In recent times, the dynamic evolution of the construction industry has been witnessed for meeting modern-day infrastructure development challenges. To tackle these challenges, not only construction site safety, but also other critical aspects such as time, cost, and quality need to be well managed. Safety is of the utmost importance in many sectors, and the construction sector is no different. Moreover, the application of innovative concepts, tools, and theories is key to the solution of the current safety challenges.
Zhou et al. [1] used IoT technologies (i.e., radio frequency identification (RFID), ultrasonic detection, and infrared access technologies) through a three-tier network architecture to develop a safety barrier warning system for underground construction sites. The proposed system was implemented in the underground construction of the Yangtze River crossing project to generate early warnings and alarms for the hazards at the site. It showed improvements in the safety performance by reducing the number of accidents.

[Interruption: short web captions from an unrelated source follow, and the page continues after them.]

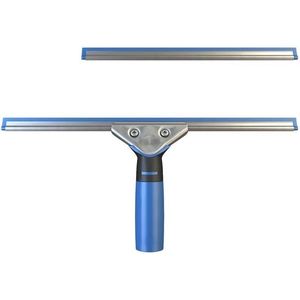 Spatola Professionale in Silicone di Alta Qualità con Manico Ergonomico per Pulizia Senza Aloni - Product Image 3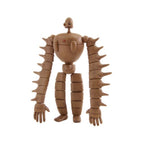 Image produit Le Château dans le ciel Maquette 1/20 Robot Soldat (Version de combat)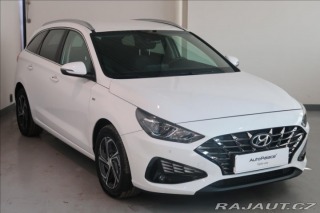 Hyundai i30 1,5 T-GDI Mild Hyb Smart 2023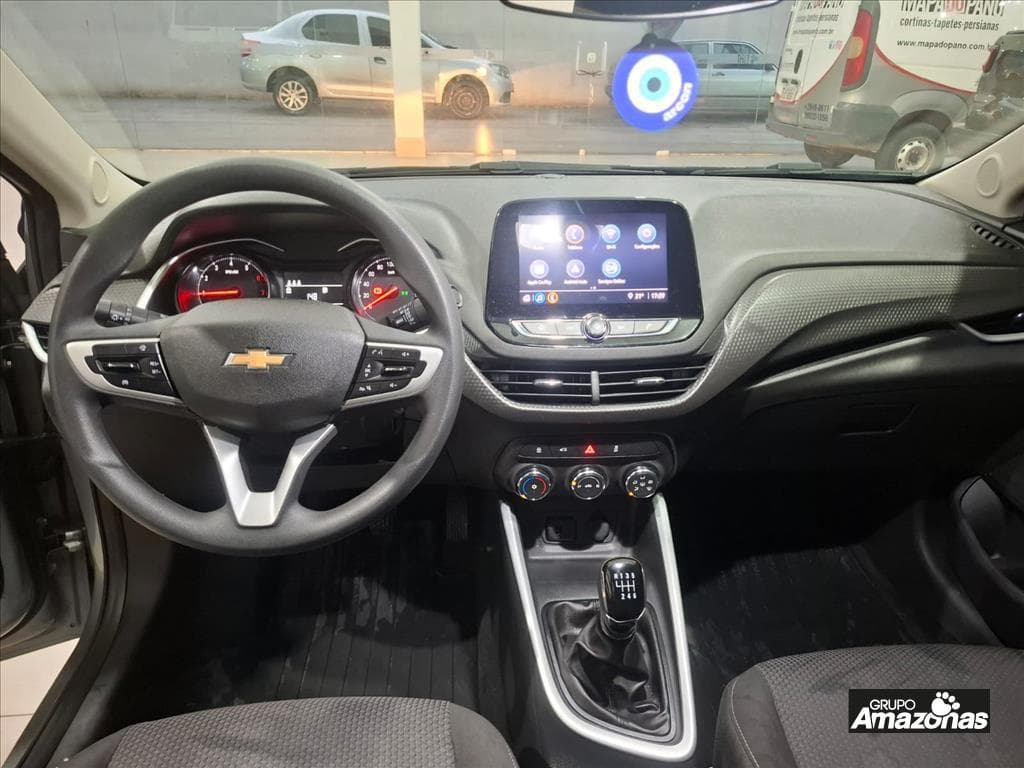 carro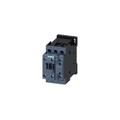 Contattore Di Potenza, Ac-3E/Ac-3, 25 a, 11 Kw / 400 v, a 3 Poli, Ac 230 v, 50 Hz, Contatti
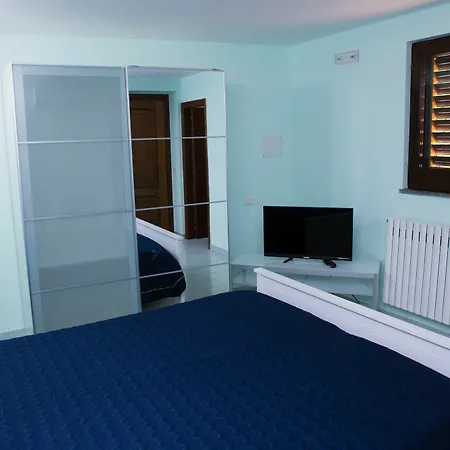 Oda ve Kahvaltı Lemon Flats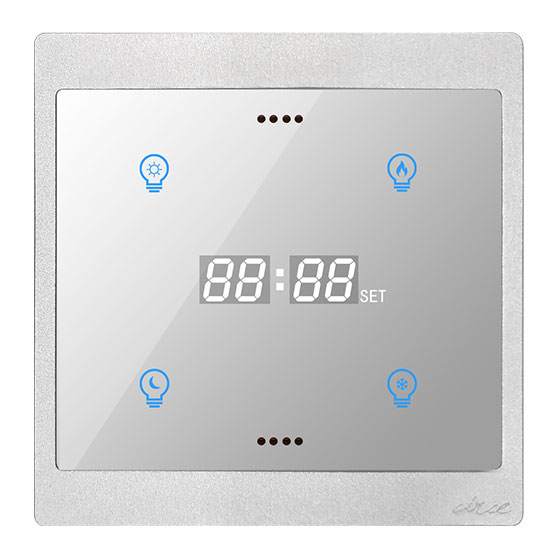 ���ܼҾӮa(ch��n)Ʒ���Q:�|���_�P(gu��n),���ܼҾ��O(sh��)����̖(h��o):980405/V. FSS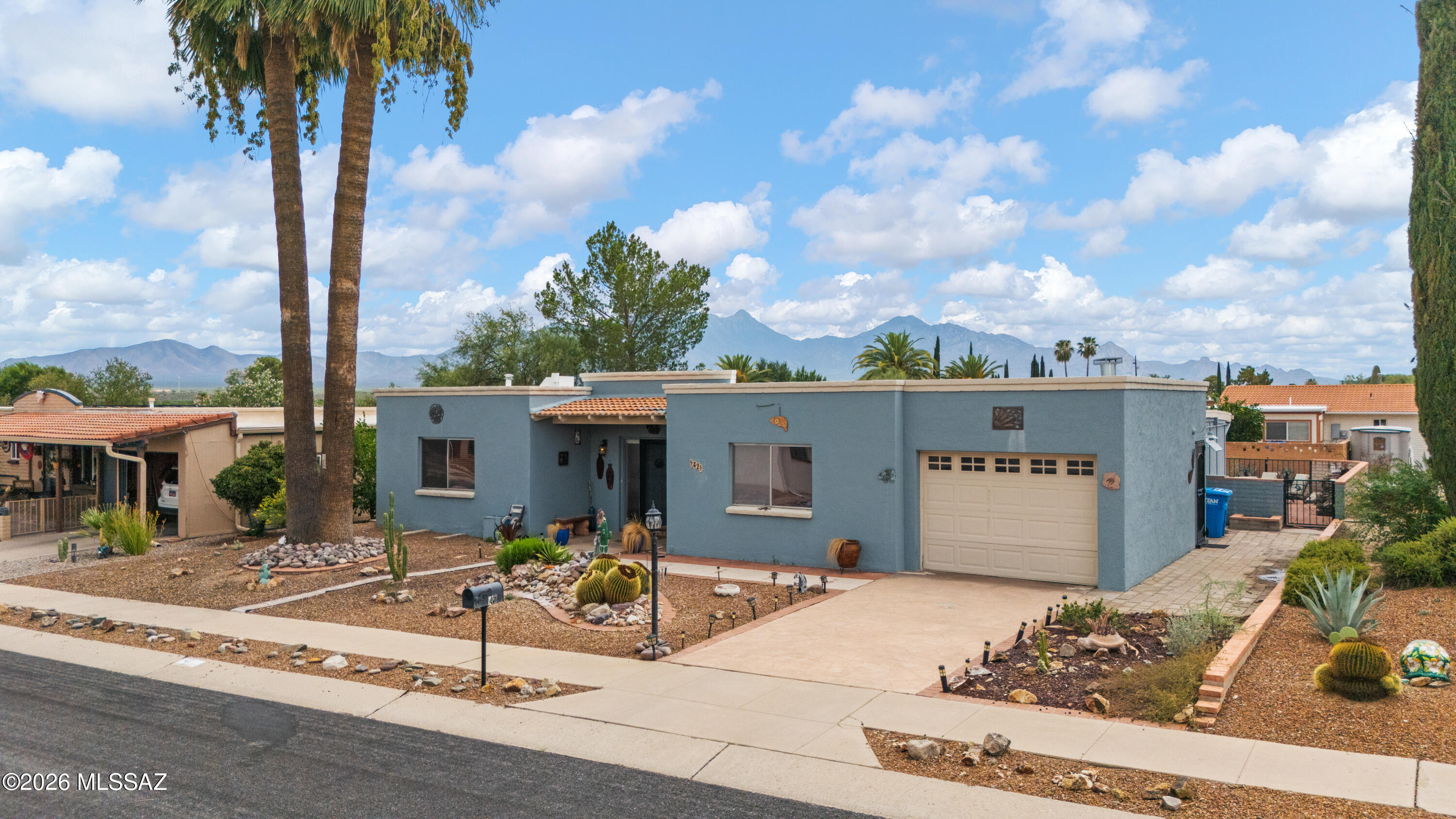 Green Valley Desert Meadows NO.1(1-198) - Residential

Antwi-Afari et al. [2] examined the application of IoT to ergonomic risk assessment by identifying the awkward working postures of construction workers using a wearable insole pressure system. Awkward working postures lead to non-fatal occupational injuries to workers, which, in turn, result in poor construction productivity, hence affecting the overall project performance in a negative manner. The researchers believed that there is great potential for the application of their proposed wearable insole pressure system, as it has both practical uses and economic benefits due to the usage of IoT technologies including sensors, vision-based technologies, and wireless communication. Sigcha et al. [3] believed that wearable technology, such as microelectronic mechanical systems (MEMS), accelerometers, and smartwatches had witnessed tremendous evolution in the domain of safety research. Among these, smartwatches are easy to use and have broad applicability, e.g., integrating an accelerometer with a smartwatch for precise motion detection, and considering any uncertainty effects in the occupational risk assessment.
Soltanmohammadlou et al. [4] addressed the construction site safety issue by providing an in-depth review on the real-time locating systems (RTLS) used for better site safety. It was observed that RTLS could facilitate the safety management process in various pertinent research directions, such as accident prevention, safety monitoring, safety alerts and warnings, behavior-based safety, physiological status monitoring, communication-based safety, ergonomics analysis, and on-site safety trainings. Moreover, the following IoT technologies were identified in their review: locating sensors, vision-based technologies, ultra-wide band technologies, Bluetooth, Zigbee, ultrasound, and infrared technologies. Costin et al. [5] identified real-time feedback, global positioning systems (GPSs), lasers, geographic information systems (GIS), accelerometers, gyroscope sensors, RFID technology, Bluetooth systems, and wearable sensors as being considered IoT technologies. Based on that, they proposed a conceptual IoT-based framework to generate active leading indicators (ALIs) that had the potential to identify safety hazards and prompt immediate actions to prevent incidents. The use of IoT assists the collection of quantifiable data and triggers an actionable response in real-time based on defined thresholds. In addition, the interactive physical–virtual feedback loop is a vital component of the proposed IoT system. The case study findings validated the IoT-based ALI framework and demonstrated the feasibility of the system.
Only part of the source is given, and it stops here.